Harvey Fierstein is an Artist—capital A—to put it mildly. In his long and storied Broadway career, he’s won four Tony Awards, two as an actor (for Torch Song Trilogy and Hairspray) and two as a writer (for Torch Song Trilogy and La Cage Aux Folles).
Then this past June, the living Broadway legend was honored with a Lifetime Achievement Tony Award. And while accepting the accolade onstage at Radio City Music Hall, Fierstein hinted at the larger breadth of his artistry. “This has all happened by accident,” he said in his speech. “See, if it had gone to plan, I should now be a retired high school art teacher.”
Yes, reader, theatre is actually just the other thing Harvey Fierstein does. You know, when he finds the time. He’s been making art—drawing, painting, sculpting—since childhood, and as he said in his Tony speech, had thought he’d devote his life to teaching kids to do the same. Becoming a household name and beloved entertainer was never the plan.
And now, in his hometown of Ridgefield, Connecticut, a different facet of Fierstein’s artistry is on exhibition, at Keeler Tavern Museum. A new show, open to the public July 25-27, is putting Fierstein’s quilts front and center. Yes, you may know Fierstein best for his plays and legendary stage performances, but Fierstein can also sew a mean quarter-inch seam.
But how did Fierstein go from visual art to theatre to sewing? That’s all part of the legend's unique outlook on life: “It’s easy to say no, because you’re scared. But I’ve always been a ‘sure, whatever. Why not,’” Fierstein tells me, walking through the Keeler Tavern Museum as docents ready his quilt exhibition. Fierstein was surveying the work, accompanied by his two comically large dogs, BoBo and Charlie.
But that "why not" sentiment, Fierstein says, makes it so one’s life is never a tidy, straight line [insert obligatory gay joke here].

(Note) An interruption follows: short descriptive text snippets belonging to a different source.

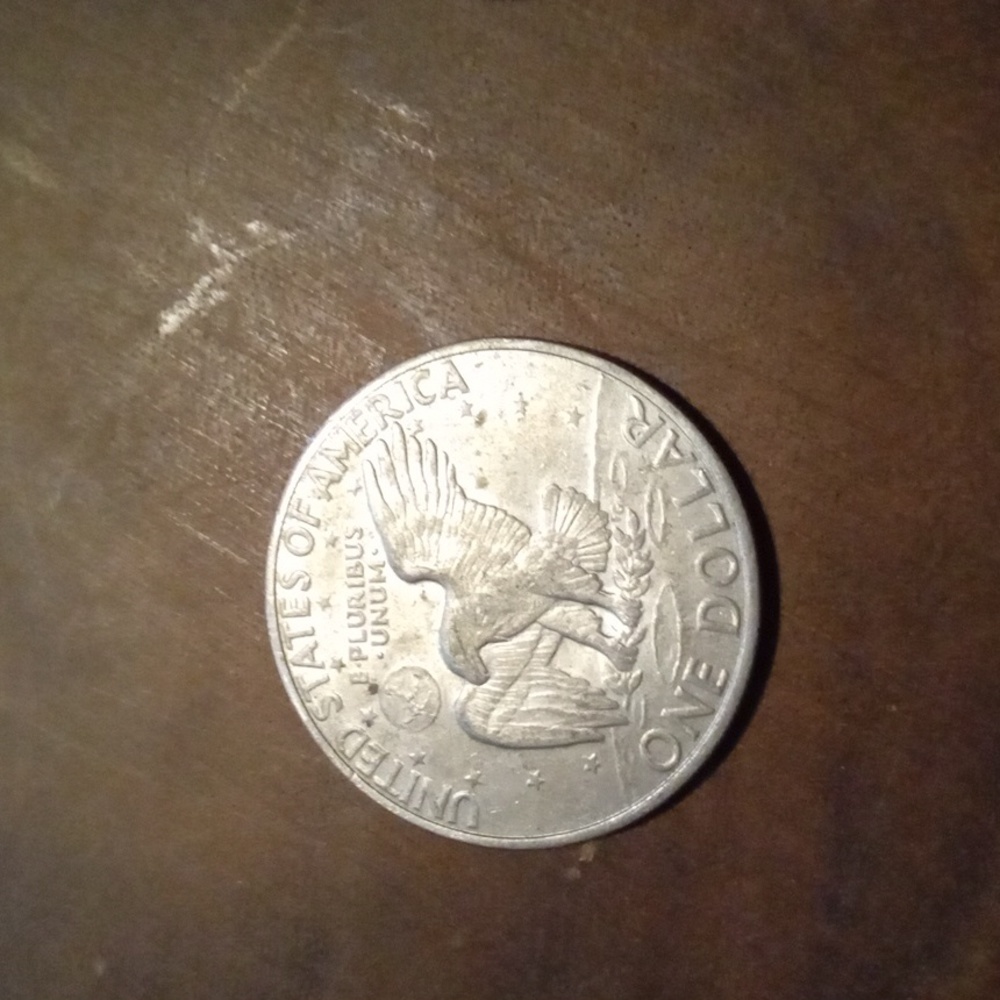 1970s Eisenhower silver dollar set - Picture 5 of 6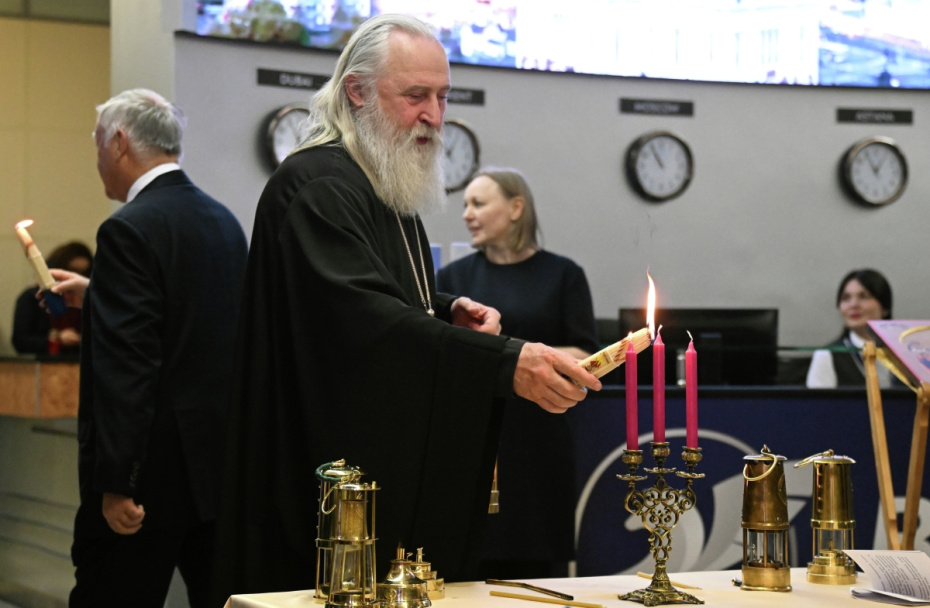 Митрополит Каширский, викарий святейшего патриарха Московского и всея Руси Феогност на встрече Благодатного огня в аэропорту Внуково-3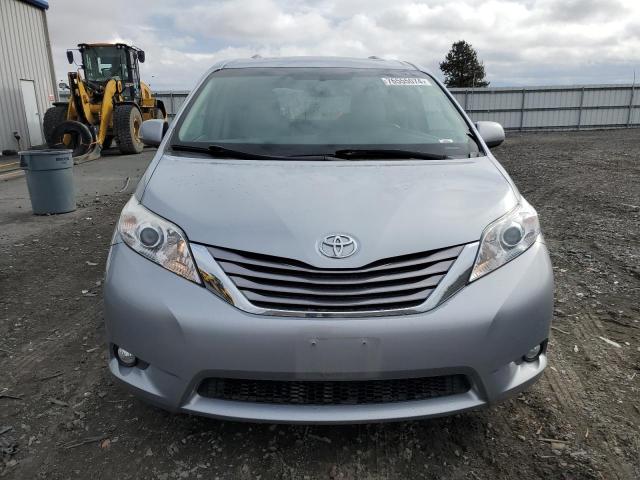 Photo 4 VIN: 5TDDK3DC1GS136369 - TOYOTA SIENNA XLE 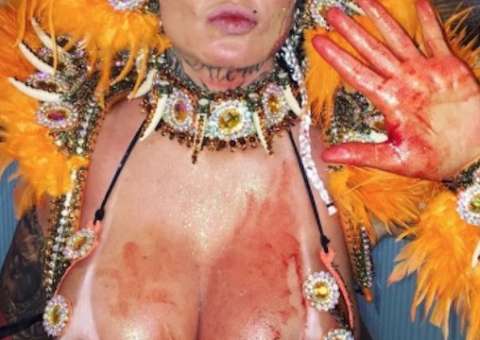 Sabrina Boing Boing termina desfile com seios cobertos de sangue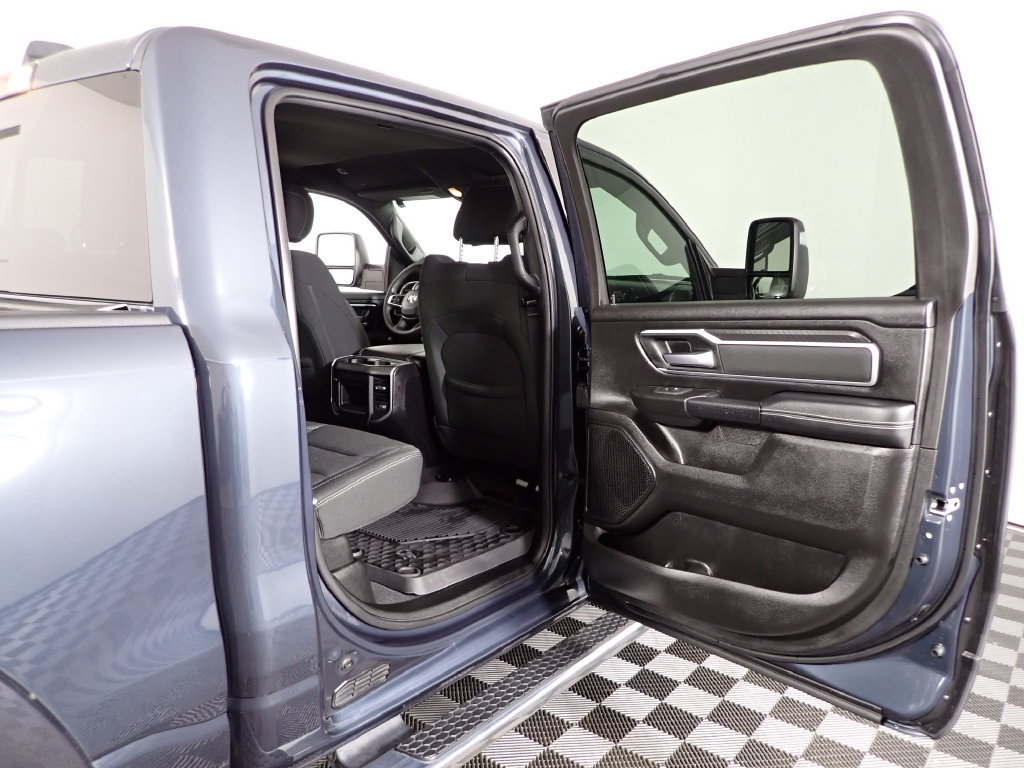 Used 2025 RAM 1500 Big Horn AWD/4WD image 34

That same outlook is what landed Fierstein in the theatre, too. A friend’s mother started a community theatre and needed someone to make posters. Enter the young Fierstein, who ended up finding his people there. Before he knew it, they had him acting, too. And that’s why it didn’t seem like such a crazy idea to head to an open audition at experimental theatre company La MaMa. He was actually there because he wanted to meet his art idol, Andy Warhol, who was holding calls for what would become his sole stage play, Pork. Fierstein ended up being cast, and Warhol thought to get him in drag—the beginning of another lifelong facet of Fierstein’s art. And La MaMa would end up being where Fierstein cut his teeth in the professional theatre, presenting the earliest versions of what would become his career-making Torch Song Trilogy.
The quilting, Fierstein says, is an extension of his visual art. In fact, he says the writing and the acting really is, too—he doesn’t think of them as separate things. He got into quilting via a TV show on ‘90s-era HGTV (“before they became 24/7 real estate porn,” he says, rolling his eyes). It seemed like something that would be fun to learn, and once he did, he was hooked.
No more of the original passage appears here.